I recently cleaned this carb, the gaskets and diaphrams look fine, but when I reinstalled it and tried to start, it floods bad enough for gas to come from mouth of carb, and also wets my plug. It wasn't doing this before I cleaned it, what am I doing wrong? I clean walbro carbs all the time, but this is my first rotary. It is on a kawasaki blower. Also is there a good site with trouble shoot type info on these carbs? 
THANKS!
WT


----------



## Cuda-TA (Feb 16, 2009)

Needle settings might be tooooo rich.


----------



## dehrhardt (Apr 1, 2009)

The following site may be of some help.
http://wem.walbro.com/distributors/servicemanuals/

Good Luck!


----------



## wiretwister (Jun 1, 2008)

*I fixed it!*



wiretwister said:


> I recently cleaned this carb, the gaskets and diaphrams look fine, but when I reinstalled it and tried to start, it floods bad enough for gas to come from mouth of carb, and also wets my plug.

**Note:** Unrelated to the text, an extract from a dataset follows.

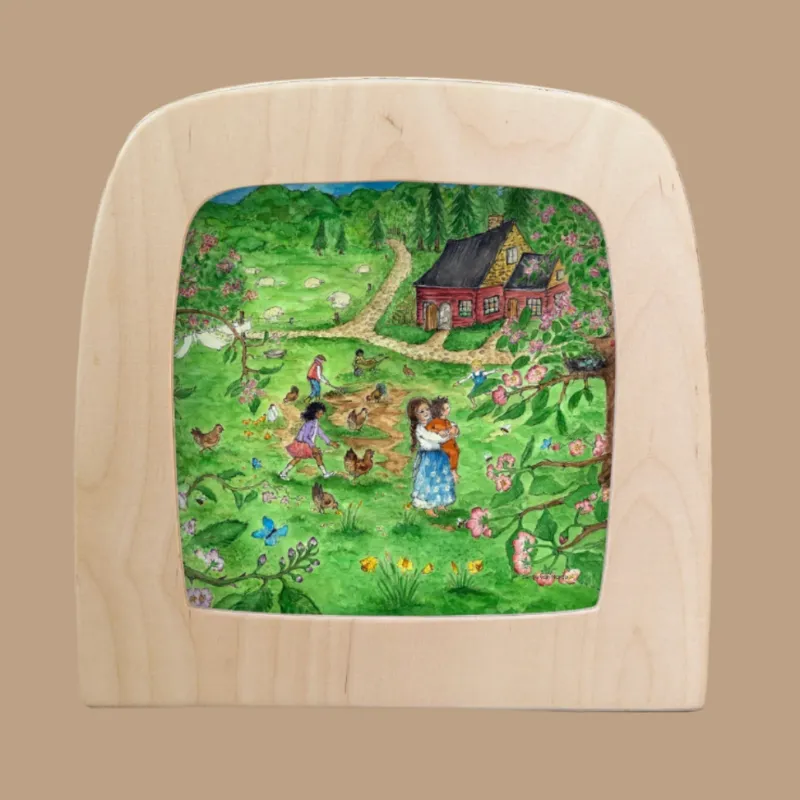 Silhouette Only - Red Cottage: Spring for Lamp>Toverlux Outlet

It wasn't doing this before I cleaned it, what am I doing wrong? I clean walbro carbs all the time, but this is my first rotary. It is on a kawasaki blower. Also is there a good site with trouble shoot type info on these carbs?
> THANKS!
> WT


I must have accidentally grabbed a stiffer spring when I put it back together the 1st time, adjusting the needle valve lever solved the problem. THANKS for the help, and the manual site!
WT


----------